Kyōko pokręciła głową.

— Dobrze, niech tak zostanie. Już nosi na plecach za dużą odpowiedzialność.

— A to wszystko łączy się z tym, co zrobiłam cztery lata temu. — Przełknęła ślinę, zanim kontynuowała. — To ja zabiłam Minori, a Yūhei Junji jest niewinny i siedzi w więzieniu, bo tak mu kazał mój ojciec.

Tsunade wysłuchała wszystkiego: zaczynając od umowy rodziców z Mizuchim, poprzez brak kontroli nad shizen i wybuchach agresji, które doprowadziły do tragedii, a kończąc na prawdziwych powodach podtruwania tojadem wodnistym, który w teorii miał blokować moc samego Bóstwa. Przyjęła to zaskakująco dobrze, chociaż z drugiej strony milczenie mogło oznaczać coś przeciwnego. W końcu pomasowała skronie i przeciągle westchnęła.

— A teraz? Kontrolujesz to?

— Gdybym nie kontrolowała shizen, nawet bym tu nie wróciła. — Kyōko wzruszyła ramionami. — Tak, już nad wszystkim panuję. Muszę jednak naprawić to, co zniszczyłam. Błagam... — dodała przyciszonym głosem. — Trzeba go uniewinnić.

— Tak... To ważne. — Tsunade pośpiesznie pokiwała głową. — Ale niełatwe.
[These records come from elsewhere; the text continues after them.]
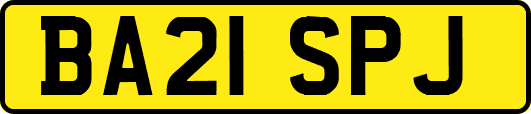 BA21SPJ
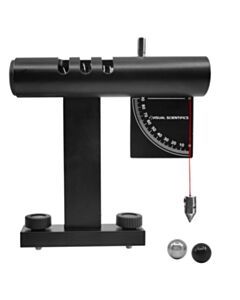 Eisco Labs Projectile Launcher - Experiment Components Only - For Studying Kinematic Equations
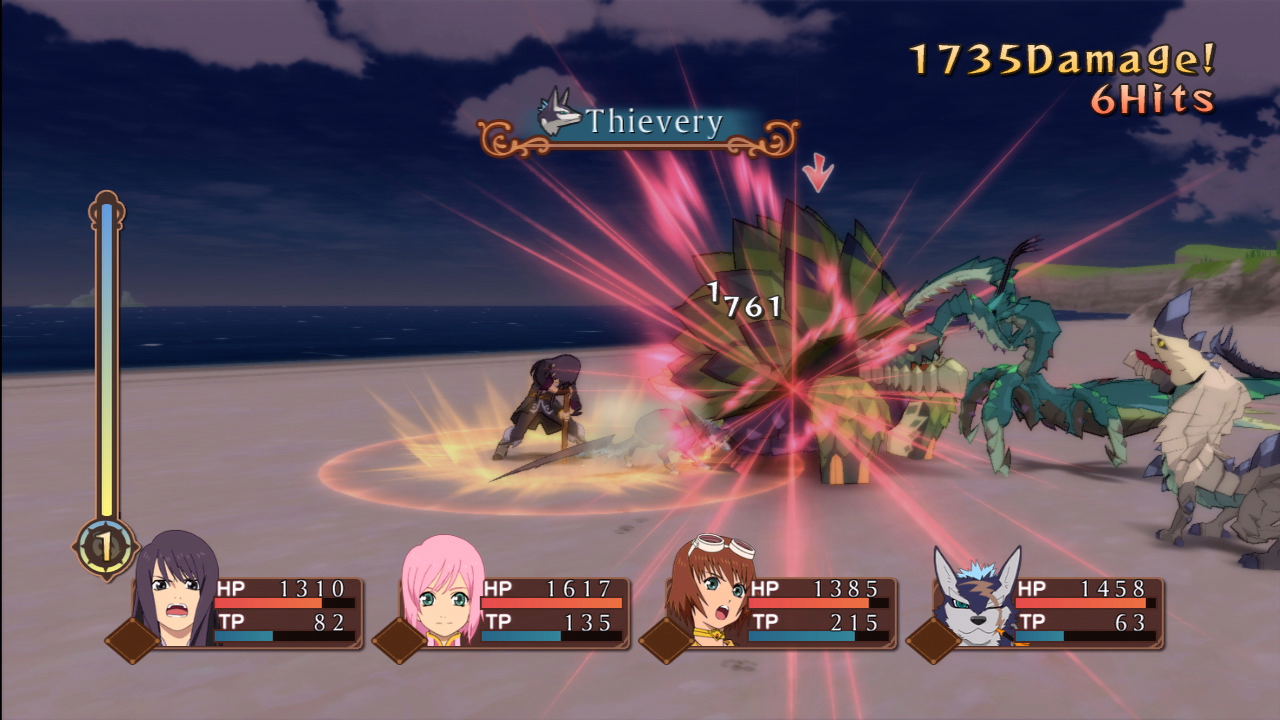 Tales of Vesperia - Xbox 360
Trzeba będzie otworzyć śledztwo, urządzić przesłuchania...

Kyōko zwilżyła usta. Cholera, liczyła na coś innego.

— A nie da się bardziej... No nie wiem, po cichu?

Kobieta omiotła namiot niespokojnym wzrokiem i najpierw warknęła pod nosem kilka przekleństw.
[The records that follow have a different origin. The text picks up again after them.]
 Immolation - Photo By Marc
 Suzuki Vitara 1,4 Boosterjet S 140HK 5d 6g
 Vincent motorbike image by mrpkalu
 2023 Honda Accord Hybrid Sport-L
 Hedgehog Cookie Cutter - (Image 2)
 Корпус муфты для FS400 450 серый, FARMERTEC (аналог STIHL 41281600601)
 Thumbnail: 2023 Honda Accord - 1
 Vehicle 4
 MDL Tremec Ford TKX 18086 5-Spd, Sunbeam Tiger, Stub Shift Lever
— Teraz, kiedy przed chwilą zginął ich ukochany — w jej głosie słychać było wyczuwalną pogardę — zastępczy Hokage, Danzō, Starszyzna patrzy mi uważnie na ręce. Do tego wszystkiego coś wisi w powietrzu.

— Wojna? — Kyōko podchwyciła temat, wymieniając z rozmówczynią przeciągłe spojrzenia. — Mizuchi ciągle powtarza, że historia zatoczy koło.
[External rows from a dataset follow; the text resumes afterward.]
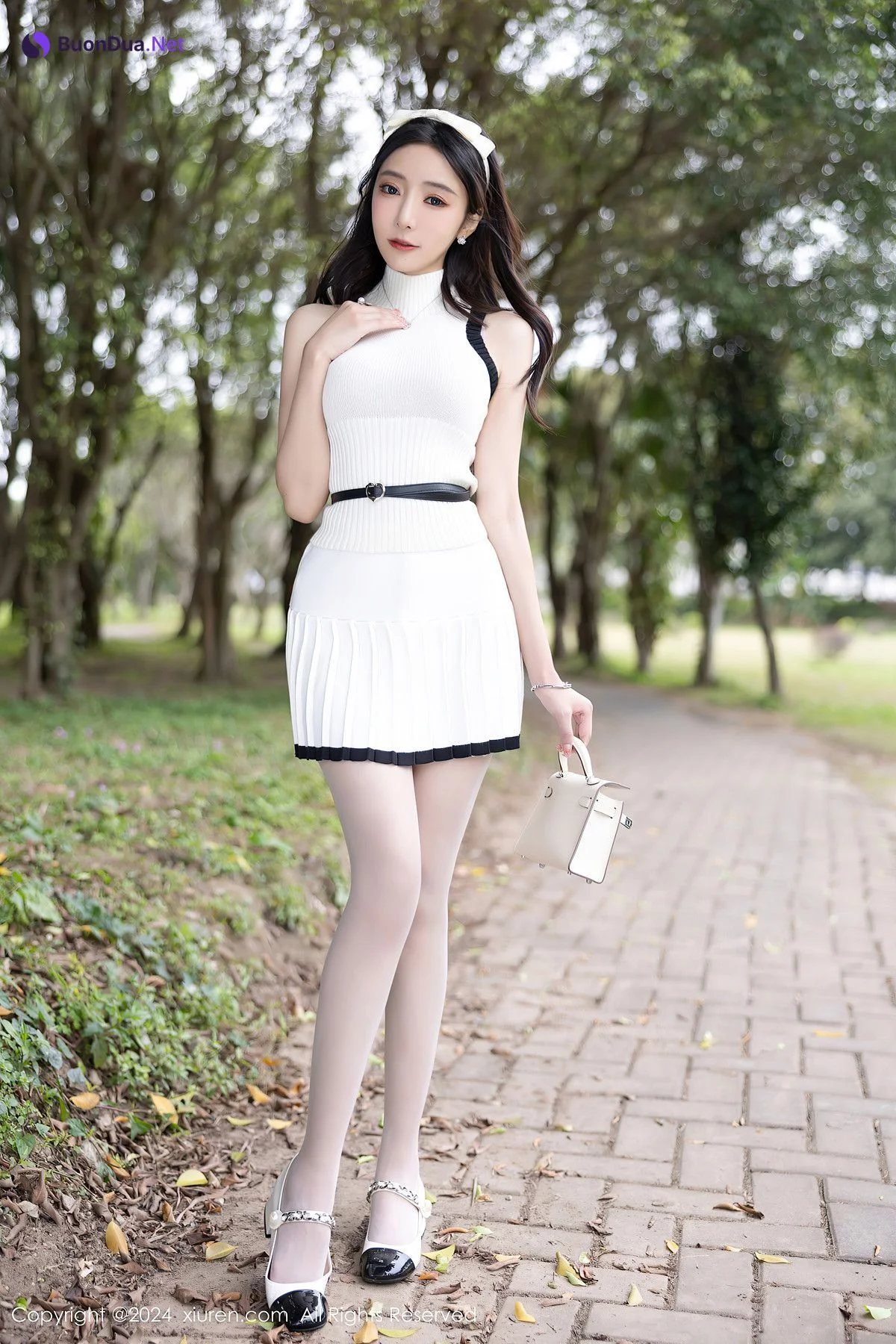 XiuRen秀人网 No.8334 王馨瑶yanni - Photo 17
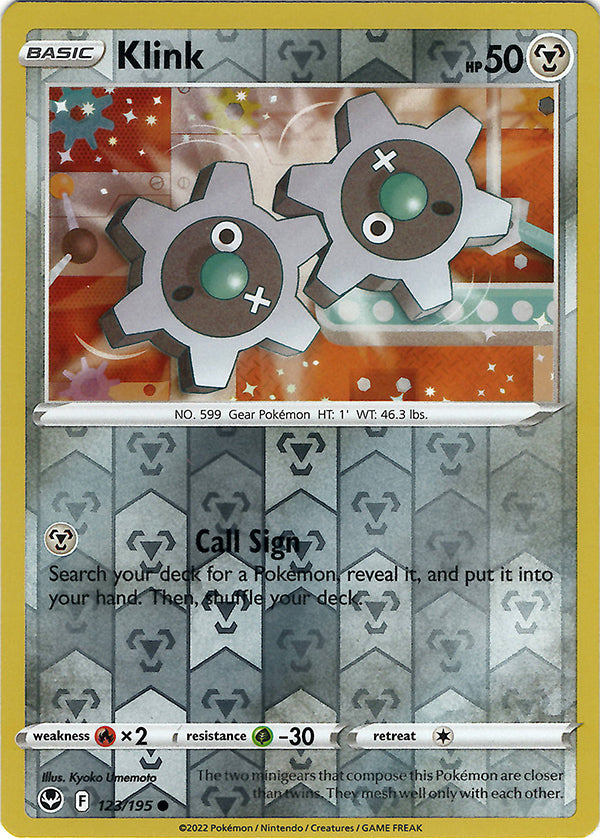 Klink (Reverse Holo)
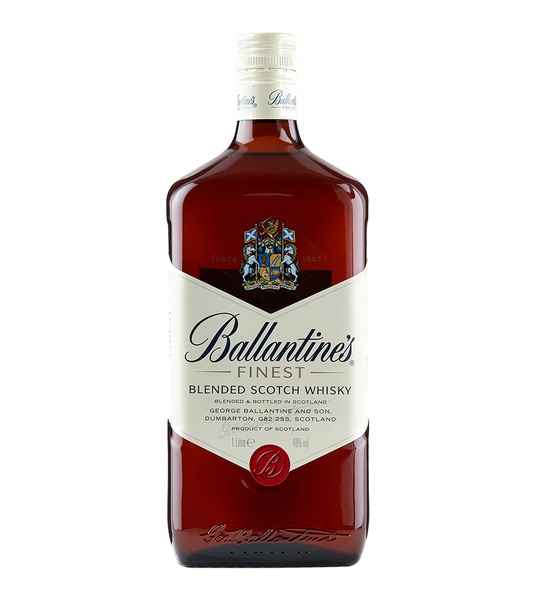 Ballantine's Blended Whisky 1Litre
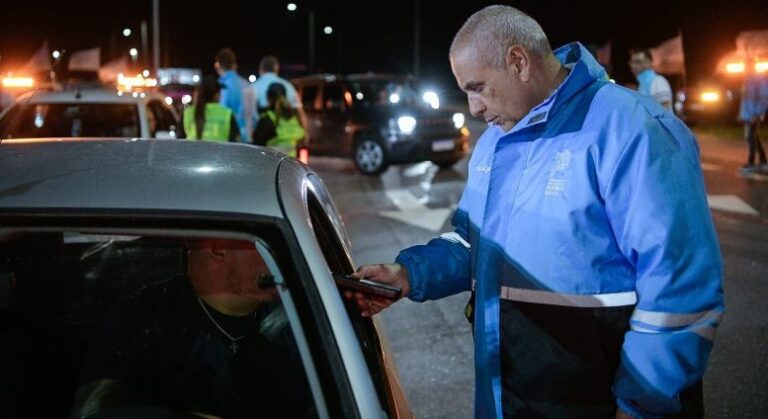 Operativo de Sol a Sol: más de 83 mil fiscalizaciones viales para cuidar la vida en la Provincia 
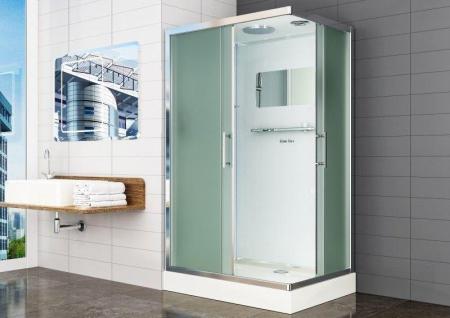 Душевая кабина Esbano 120x90 матовое стекло ESKB129CKRU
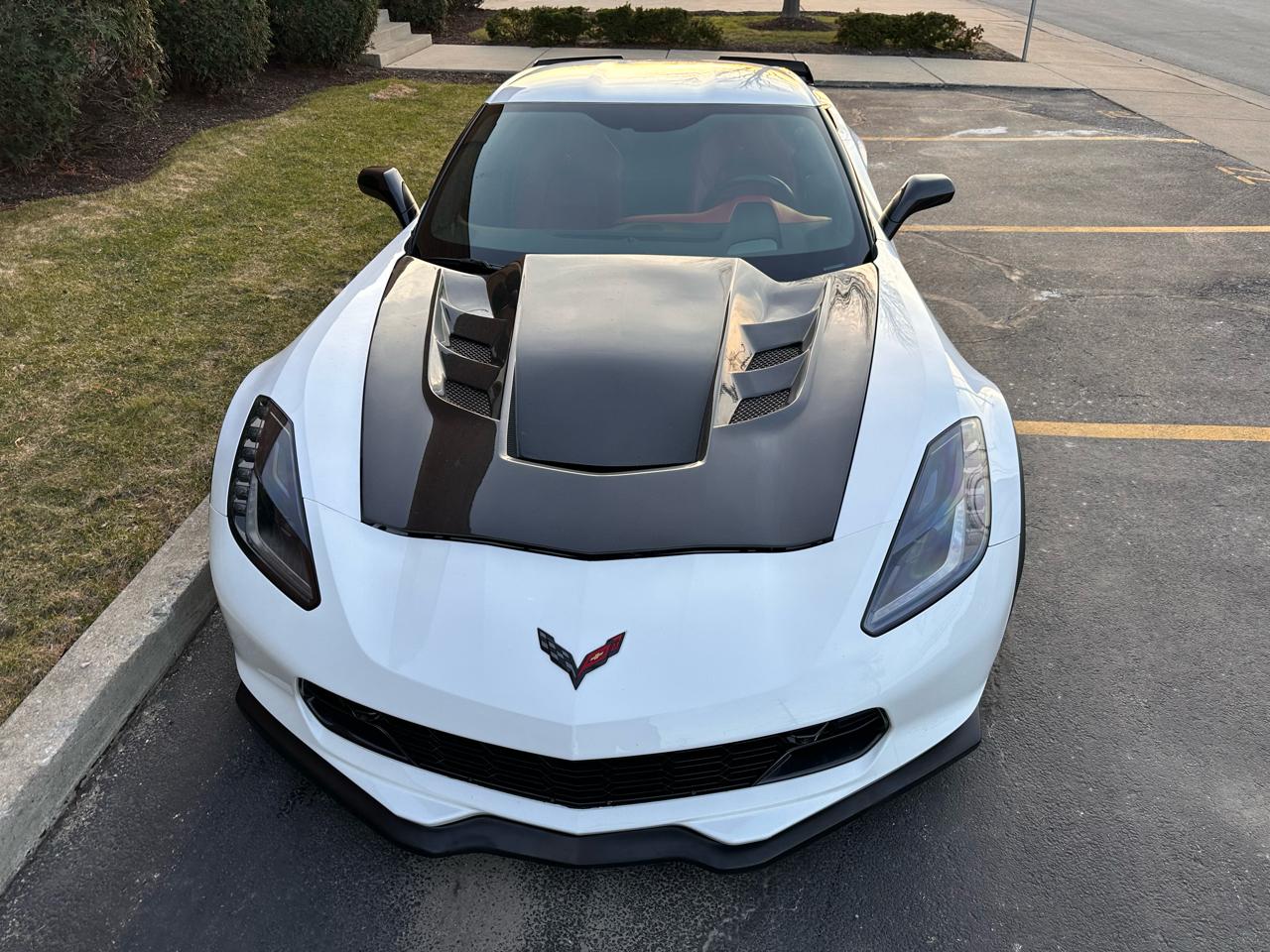 Chevrolet Corvette 2LZ Z06 Coupe 2017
— Ano. Też tak uważam, dlatego mam zamiar zwołać Szczyt Pięciu Kage.

Yūhei powoli pokiwała głową. Od początku wiedziała, że atak Paina był tylko zapowiedzią czegoś większego i zaczynała drżeć na samą myśl, że być może zmierzy się z jeszcze potężniejszym przeciwnikiem. Do tego czasu i ona musi stać się silniejsza.

— Kiedy wrócę, zajmę się sprawą Junjiego, obiecuję.

Ostatecznie Tsunade potrzebowała kilku dni, żeby stanąć na nogi i wyruszyć do miejsca, które zostało utajnione. Wróciła bardzo szybko, zdecydowanie szybciej, niż ktokolwiek podejrzewał. W tym czasie odbudowa wioski nieco posunęła się do przodu, więc Kyōko spotkała się ponownie z przywódczynią już w prowizorycznym, małym gabinecie na pierwszym piętrze budynku administracyjnego. Tsunade chyba nigdy nie miała tak poważnej miny – ze zmarszczonym czołem skupiła pociemniałe oczy na oknie, a zakrywając palcami usta, mruczała coś do siebie.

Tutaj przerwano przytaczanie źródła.